Universo sem filtro
Deixa-me prosar. Passarei a contar como é realmente o
universo. Como Deus o vê. Como os seres sobrenaturais o veem. É um universo sem
filtro. Tudo que há se vê. Não há limitação de existência nem de
sentidos para se detectar o que se há. Nada está escondido. Tudo se explicita aos
sentidos do observador. Tudo é palpável. Sentido por sentidos que nunca
sonharíamos em imaginar. Sem o filtro dos cinco sentidos. Sem o fardo que é o
corpo material, que torna translúcida a alma que doutra forma seria transparente.

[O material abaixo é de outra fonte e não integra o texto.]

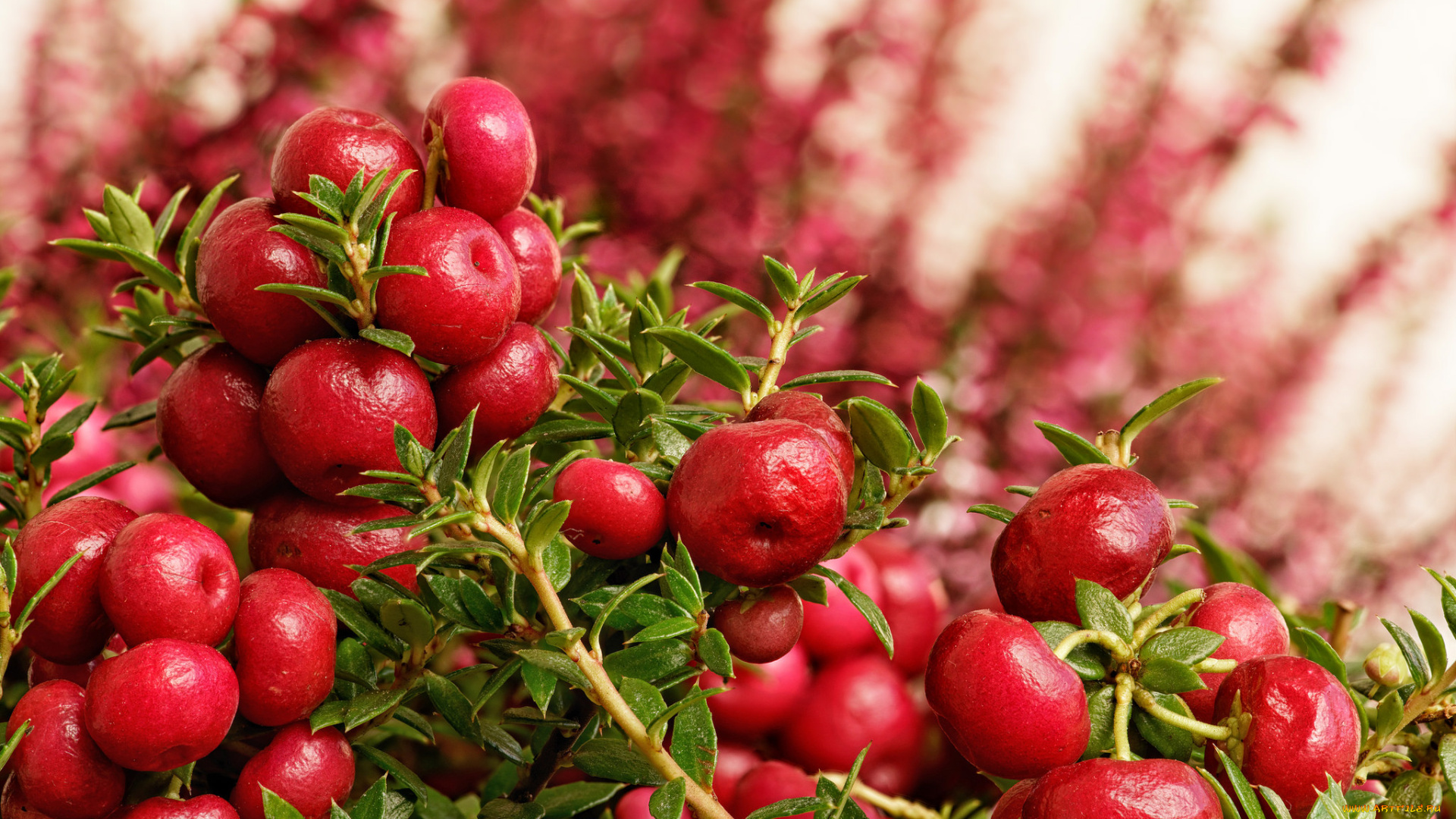 природа, Ягоды, простор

As dimensões não são três só, nem quatro, nem mil. São infinitas. Tudo que no
nosso conhecimento é limitado, na verdade é infinito. Limitada é a nossa
capacidade de assimilá-lo.
O universo tem um som de fundo. Um som que se apresenta na
maneira que a matéria deforma o espaço-tempo. Um som que está em constante
melodia, formada pela movimentação e mutação do que se há. Uma música infinita
soando no infinito. Soando para nenhum ouvido ouvir. Soando sem se utilizar de
ondas sonoras. Porque os sentidos são apenas formas diferentes de se perceber o
mundo. Tudo que se ouve, pode-se ver. Tudo que se apalpa e se sente pode ser
ouvido. O ondular da água escorrendo em uma pedra, o balanço da areia à mercê
do vento ou da maré, a irregularidade do relevo, tudo pode ser sentido em ondas
sonoras. É tudo música. O universo é música. A chuva seria-nos uma melodia
grandiosa se pudéssemos ouvir de forma separada e reconhecível a ressonância de
cada pingo em cada superfície diferente.
Como Einstein previu, tudo é relativo. Um montinho de terra
é exatamente igual a uma montanha. A diferença é quanto zoom foi aplicado. Tudo
depende de que olhos estão olhando. A diferença não está nas coisas e sim no
tamanho do observador. Uma formiga é do mesmo tamanho de um hipopótamo e um
besouro tem as medidas de um automóvel. O arco-íris pode ser palpado e sentido como
gelatina imersa na água, mas também pode ser visto como uma estreita faixa no
céu que leva a potes de ouro, um sonho distante e impalpável.
Existe felicidade em tudo que se sente, e sente-se mais do
que se tem consciência. Tudo o que há pode ser sentido: as fibras musculares se
contraindo, o sangue se movimentando nos vasos sanguíneos, os líquidos dos
tecidos sofrendo osmose. Só não temos sentido para sentir tudo isso. Temos um
filtro que nos limita a quase zero. O ser que não possui esse filtro não
consegue sequer imaginar quão restritos são nossos sentidos. Apenas percebemos
uma fração insignificante do que é o universo. As coisas podem ser percebidas
com todos os infinitos sentidos em todos os níveis de aproximação no
microscópio do universo. Ele é muito mais infinito do que imaginamos. Infinitas
vezes.
Viajando na imensidão do espaço-tempo, ouço a imagem das
supernovas como se fosse um barítono em uma melodia infinita ou foguetes se
explodindo ao longe, nos horizontes indefiníveis do universo. Um show pirotécnico
de sons que não ouvimos e cores que não vemos. O ar só não tem cor porque nossa visão é incapaz de captar o tipo de onda emitida ou refletida pelas
moléculas. Em universos paralelos, os sentidos percebidos por nós devem estar
em outra faixa, incompreensíveis para nós neste universo. Se essas faixas não
se sobrepõem, um universo paralelo pode não ter nada que se assemelha com o que
há neste. Claro, segundo a nossa percepção.